Principle:ARISE Initiative Robosuite Sensor Corruption Modeling
| Knowledge Sources | |
|---|---|
| Domains | Robotics, Sim_to_Real_Transfer |
| Last Updated | 2026-02-15 07:00 GMT |
Overview
A framework for injecting realistic sensor imperfections -- including additive noise, measurement delay, and configurable sampling rates -- into simulation observations to train policies that are robust to real-world sensor degradation.
Description
Simulated sensors produce perfect, instantaneous readings that do not reflect the imperfections of physical hardware. Real sensors suffer from measurement noise (electronic interference, quantization, thermal drift), latency (processing time, communication delays), and limited sampling rates. Policies trained exclusively on clean simulation data often fail when deployed on real robots because they have never experienced these imperfections. Sensor corruption modeling bridges this sim-to-real gap by systematically degrading simulation observations to match the characteristics of physical sensors.
The corruption framework operates through the Observable abstraction, which wraps each sensor reading with a configurable processing pipeline. Each observable has four configurable stages: a sensor function that produces raw data, a corrupter that adds noise, a filter that post-processes the signal, and a delayer that introduces temporal lag. The observable also has a configurable sampling rate that determines how frequently new measurements are taken, independent of the simulation timestep.

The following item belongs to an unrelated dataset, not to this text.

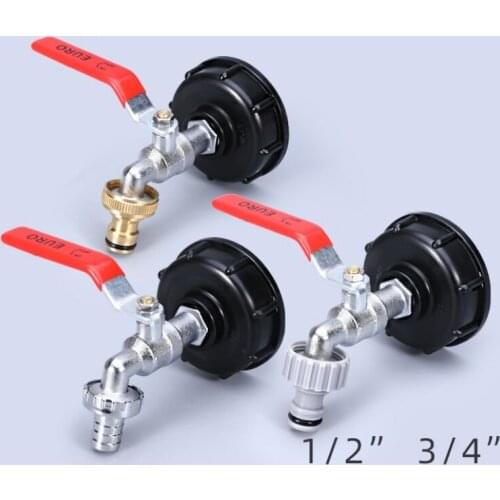 IBC Tank Alloy Tap Adapter S60x6 Coarse Thread Valve Fittings Garden Hose Connector Replacement Metal Drain tool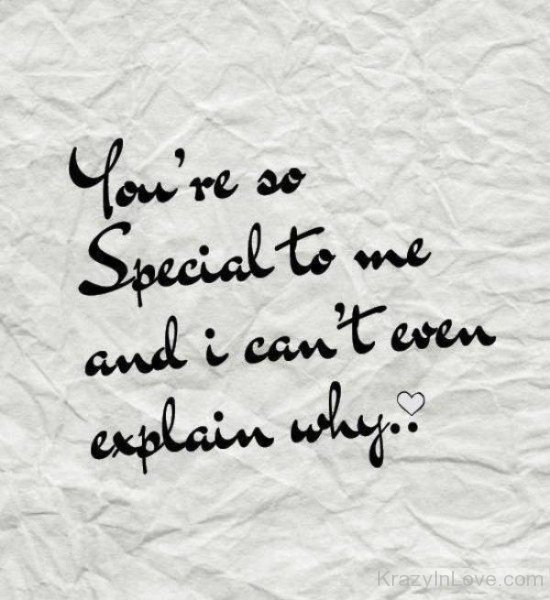 You're So Special To Me And I Can't-tbw266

Corrupters implement different noise models. Gaussian noise corrupters add zero-mean noise with a specified standard deviation, suitable for modeling electronic noise in force-torque sensors and encoders. Uniform noise corrupters add noise sampled from a uniform distribution, suitable for quantization-like effects. Deterministic corrupters add a fixed bias, suitable for modeling calibration offsets. All corrupters support output clamping to ensure values remain within physically meaningful ranges.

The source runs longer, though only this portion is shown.